Provided records:
· · · · ·

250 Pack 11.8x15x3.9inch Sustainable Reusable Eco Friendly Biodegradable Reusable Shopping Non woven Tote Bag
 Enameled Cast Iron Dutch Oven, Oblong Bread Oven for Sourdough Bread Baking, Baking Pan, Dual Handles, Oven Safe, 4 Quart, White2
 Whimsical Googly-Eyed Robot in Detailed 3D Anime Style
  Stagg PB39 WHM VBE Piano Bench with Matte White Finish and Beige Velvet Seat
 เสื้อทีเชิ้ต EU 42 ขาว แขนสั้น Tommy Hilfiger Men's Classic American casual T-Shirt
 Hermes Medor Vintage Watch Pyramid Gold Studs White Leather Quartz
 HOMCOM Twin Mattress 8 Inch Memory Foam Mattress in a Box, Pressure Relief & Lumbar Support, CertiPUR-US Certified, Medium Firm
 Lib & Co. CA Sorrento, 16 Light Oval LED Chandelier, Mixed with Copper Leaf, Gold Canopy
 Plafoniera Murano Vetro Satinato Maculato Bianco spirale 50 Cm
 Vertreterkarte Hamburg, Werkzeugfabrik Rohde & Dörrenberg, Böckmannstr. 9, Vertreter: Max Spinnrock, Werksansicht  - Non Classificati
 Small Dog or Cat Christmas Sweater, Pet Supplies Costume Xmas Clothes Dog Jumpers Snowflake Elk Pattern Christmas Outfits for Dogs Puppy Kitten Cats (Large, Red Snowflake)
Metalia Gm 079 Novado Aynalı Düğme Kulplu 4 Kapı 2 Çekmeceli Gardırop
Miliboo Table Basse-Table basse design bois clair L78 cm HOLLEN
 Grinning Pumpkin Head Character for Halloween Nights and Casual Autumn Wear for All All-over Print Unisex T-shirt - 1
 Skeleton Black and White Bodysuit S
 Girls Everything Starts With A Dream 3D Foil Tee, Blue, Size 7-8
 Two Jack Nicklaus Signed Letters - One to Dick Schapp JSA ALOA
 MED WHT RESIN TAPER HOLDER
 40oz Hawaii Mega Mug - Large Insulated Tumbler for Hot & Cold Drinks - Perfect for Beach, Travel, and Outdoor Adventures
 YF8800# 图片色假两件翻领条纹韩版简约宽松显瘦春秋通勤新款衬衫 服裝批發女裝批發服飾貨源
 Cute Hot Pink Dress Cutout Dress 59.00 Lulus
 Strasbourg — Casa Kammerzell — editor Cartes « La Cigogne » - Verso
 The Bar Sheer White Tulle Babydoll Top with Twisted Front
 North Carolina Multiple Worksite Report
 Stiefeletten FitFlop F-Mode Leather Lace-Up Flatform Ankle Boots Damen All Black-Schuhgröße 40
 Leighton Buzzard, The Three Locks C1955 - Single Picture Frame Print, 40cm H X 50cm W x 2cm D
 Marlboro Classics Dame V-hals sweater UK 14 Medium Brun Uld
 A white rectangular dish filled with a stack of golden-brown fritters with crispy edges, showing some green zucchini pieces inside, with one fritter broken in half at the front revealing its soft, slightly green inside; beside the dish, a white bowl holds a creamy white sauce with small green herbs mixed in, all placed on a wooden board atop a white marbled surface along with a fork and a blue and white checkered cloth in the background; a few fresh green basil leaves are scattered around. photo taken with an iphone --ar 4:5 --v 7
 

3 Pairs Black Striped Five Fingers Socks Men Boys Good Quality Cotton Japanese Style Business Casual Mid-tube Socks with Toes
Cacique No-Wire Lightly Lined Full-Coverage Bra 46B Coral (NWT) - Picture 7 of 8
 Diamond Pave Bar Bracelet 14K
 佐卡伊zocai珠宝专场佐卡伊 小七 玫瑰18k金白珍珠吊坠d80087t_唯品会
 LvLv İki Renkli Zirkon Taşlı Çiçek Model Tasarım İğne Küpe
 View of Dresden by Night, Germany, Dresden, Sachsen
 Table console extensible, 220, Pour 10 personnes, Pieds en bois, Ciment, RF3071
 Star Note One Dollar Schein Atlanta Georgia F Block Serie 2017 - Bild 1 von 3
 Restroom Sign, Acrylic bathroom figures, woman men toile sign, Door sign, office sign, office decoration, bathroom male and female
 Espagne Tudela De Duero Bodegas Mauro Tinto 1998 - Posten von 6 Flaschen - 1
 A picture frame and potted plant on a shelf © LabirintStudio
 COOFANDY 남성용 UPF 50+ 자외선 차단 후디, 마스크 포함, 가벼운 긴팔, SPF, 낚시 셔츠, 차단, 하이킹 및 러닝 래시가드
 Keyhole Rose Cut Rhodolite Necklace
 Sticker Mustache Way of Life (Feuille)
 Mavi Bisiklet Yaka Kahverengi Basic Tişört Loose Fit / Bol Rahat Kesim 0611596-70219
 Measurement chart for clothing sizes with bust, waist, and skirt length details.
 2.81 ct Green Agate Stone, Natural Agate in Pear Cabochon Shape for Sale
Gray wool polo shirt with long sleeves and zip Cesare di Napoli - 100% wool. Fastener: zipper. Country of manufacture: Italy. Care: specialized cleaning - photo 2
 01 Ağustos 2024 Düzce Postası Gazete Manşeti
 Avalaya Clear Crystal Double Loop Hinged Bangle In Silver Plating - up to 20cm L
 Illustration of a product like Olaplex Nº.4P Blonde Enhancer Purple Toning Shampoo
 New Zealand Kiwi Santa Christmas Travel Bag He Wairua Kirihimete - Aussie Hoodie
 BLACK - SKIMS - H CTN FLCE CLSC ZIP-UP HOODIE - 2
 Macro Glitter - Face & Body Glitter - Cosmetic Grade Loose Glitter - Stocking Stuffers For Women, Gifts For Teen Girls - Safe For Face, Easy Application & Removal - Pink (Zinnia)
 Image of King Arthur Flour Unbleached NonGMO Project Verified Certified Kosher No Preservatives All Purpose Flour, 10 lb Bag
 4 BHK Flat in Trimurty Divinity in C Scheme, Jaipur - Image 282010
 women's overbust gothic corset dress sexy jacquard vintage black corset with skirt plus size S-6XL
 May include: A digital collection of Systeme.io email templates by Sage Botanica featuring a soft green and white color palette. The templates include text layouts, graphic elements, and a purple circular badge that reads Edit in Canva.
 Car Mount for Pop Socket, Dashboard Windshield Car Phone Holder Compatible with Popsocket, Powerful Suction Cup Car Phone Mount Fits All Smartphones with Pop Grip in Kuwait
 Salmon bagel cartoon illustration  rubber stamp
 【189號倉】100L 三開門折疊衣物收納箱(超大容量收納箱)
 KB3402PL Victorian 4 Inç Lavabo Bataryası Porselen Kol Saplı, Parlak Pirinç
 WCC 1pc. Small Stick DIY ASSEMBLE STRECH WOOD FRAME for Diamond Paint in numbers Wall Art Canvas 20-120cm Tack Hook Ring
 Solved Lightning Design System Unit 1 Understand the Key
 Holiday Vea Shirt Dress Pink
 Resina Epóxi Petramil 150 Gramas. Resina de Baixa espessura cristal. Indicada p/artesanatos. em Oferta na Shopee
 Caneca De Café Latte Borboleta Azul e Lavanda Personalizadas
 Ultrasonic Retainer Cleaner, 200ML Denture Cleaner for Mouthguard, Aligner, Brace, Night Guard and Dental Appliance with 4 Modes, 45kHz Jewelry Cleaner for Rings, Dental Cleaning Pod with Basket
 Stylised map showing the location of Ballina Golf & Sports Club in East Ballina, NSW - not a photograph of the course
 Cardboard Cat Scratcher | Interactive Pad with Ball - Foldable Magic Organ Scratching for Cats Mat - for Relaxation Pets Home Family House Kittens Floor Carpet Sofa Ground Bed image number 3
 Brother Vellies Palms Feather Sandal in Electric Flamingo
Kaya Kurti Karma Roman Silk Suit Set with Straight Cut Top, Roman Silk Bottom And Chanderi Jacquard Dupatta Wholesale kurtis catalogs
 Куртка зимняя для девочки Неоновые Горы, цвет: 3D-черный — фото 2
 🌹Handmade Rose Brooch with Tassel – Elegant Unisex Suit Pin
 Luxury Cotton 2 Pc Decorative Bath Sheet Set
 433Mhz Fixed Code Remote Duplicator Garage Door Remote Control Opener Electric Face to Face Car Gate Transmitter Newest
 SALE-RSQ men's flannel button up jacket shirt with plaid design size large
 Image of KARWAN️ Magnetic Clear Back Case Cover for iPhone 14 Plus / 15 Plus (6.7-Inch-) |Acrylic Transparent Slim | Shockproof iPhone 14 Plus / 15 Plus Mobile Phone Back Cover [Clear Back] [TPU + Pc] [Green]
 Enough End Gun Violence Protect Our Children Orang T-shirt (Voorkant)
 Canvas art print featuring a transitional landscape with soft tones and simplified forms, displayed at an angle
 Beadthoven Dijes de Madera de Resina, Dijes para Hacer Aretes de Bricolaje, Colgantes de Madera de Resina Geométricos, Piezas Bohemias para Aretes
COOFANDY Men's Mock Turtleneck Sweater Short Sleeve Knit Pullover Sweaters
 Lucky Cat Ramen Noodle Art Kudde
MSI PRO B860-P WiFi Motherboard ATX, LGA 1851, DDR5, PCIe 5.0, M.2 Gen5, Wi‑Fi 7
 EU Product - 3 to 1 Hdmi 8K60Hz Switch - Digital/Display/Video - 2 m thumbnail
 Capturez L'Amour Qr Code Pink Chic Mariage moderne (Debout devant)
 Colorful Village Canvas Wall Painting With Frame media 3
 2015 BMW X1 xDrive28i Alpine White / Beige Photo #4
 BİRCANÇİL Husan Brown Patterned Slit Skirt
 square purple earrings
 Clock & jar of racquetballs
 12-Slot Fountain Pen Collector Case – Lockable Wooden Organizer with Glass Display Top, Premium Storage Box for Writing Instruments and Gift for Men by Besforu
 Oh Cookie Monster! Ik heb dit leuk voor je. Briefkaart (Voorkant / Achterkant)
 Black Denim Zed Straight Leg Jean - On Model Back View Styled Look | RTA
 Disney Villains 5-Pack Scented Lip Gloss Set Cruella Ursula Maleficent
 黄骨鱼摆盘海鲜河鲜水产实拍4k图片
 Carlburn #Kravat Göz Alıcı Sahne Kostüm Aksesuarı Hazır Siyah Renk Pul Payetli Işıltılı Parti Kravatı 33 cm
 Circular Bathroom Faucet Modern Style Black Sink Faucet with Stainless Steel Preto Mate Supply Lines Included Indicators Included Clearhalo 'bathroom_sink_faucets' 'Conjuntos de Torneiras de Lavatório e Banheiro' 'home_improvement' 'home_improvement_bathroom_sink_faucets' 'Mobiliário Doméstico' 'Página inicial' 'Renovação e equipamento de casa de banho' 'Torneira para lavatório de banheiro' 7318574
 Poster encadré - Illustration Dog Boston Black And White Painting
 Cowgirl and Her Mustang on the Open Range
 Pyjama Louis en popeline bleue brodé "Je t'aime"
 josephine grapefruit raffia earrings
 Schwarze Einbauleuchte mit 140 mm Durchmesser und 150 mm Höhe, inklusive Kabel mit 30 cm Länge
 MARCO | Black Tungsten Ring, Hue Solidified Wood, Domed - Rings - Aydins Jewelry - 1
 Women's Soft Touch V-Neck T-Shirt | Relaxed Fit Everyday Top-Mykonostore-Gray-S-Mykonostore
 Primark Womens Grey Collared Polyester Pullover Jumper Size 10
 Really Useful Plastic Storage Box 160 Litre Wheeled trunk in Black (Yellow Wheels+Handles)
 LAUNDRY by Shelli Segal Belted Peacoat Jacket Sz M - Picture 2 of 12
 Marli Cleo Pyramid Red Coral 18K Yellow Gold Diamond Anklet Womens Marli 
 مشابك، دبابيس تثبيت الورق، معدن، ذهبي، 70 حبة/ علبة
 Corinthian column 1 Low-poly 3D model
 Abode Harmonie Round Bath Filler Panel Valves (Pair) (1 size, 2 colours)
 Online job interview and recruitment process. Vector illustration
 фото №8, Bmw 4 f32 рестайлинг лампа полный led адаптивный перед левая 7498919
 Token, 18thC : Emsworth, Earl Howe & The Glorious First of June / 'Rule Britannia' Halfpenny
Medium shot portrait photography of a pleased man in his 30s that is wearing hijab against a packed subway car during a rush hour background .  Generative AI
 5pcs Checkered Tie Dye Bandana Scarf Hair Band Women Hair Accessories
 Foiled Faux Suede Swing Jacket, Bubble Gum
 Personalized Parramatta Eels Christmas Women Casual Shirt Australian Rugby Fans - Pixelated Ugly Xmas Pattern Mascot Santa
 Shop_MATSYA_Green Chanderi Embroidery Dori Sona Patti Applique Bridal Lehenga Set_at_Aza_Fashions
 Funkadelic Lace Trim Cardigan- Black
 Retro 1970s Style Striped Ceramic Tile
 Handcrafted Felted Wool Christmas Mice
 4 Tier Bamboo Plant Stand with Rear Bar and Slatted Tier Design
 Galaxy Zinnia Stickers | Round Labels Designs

· · · · ·

Aim of the task: Only lines containing the word "фото" should be copied from the material above.

Expected answer:
 Куртка зимняя для девочки Неоновые Горы, цвет: 3D-черный — фото 2
 фото №8, Bmw 4 f32 рестайлинг лампа полный led адаптивный перед левая 7498919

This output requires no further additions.